**Work instructions:**
Each line below containing the word "room" needs to be shown.

(Records contained in a dataset)
-- -- --

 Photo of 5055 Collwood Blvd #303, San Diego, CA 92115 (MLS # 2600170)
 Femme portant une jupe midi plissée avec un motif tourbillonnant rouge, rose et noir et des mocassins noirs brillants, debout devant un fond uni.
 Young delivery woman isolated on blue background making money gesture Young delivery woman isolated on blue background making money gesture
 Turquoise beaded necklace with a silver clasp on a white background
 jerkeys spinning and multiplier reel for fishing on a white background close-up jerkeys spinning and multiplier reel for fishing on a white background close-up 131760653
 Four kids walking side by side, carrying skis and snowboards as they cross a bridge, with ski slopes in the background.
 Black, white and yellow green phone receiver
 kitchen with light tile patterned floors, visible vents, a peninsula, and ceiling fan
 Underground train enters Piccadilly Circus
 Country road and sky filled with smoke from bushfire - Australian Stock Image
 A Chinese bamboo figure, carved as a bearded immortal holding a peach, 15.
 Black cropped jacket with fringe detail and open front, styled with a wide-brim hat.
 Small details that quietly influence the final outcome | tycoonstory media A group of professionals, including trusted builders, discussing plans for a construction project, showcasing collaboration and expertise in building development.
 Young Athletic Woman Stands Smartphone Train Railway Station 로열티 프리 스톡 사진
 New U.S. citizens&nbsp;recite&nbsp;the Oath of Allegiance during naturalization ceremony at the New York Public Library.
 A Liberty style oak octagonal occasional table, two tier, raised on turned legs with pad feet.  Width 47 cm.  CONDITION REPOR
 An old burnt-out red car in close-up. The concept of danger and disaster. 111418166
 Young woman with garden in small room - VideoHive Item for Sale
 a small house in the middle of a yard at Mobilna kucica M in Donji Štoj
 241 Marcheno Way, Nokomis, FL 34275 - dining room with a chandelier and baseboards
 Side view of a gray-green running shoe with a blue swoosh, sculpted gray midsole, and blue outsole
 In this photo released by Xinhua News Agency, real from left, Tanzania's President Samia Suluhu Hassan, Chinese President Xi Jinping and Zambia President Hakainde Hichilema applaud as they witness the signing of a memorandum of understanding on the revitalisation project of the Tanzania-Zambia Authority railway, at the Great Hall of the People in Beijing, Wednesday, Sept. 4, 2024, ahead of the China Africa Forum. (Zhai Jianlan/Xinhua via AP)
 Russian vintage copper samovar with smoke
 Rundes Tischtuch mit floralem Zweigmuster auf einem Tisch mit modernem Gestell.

-- -- --

**Finished task:**
 Young woman with garden in small room - VideoHive Item for Sale
 241 Marcheno Way, Nokomis, FL 34275 - dining room with a chandelier and baseboards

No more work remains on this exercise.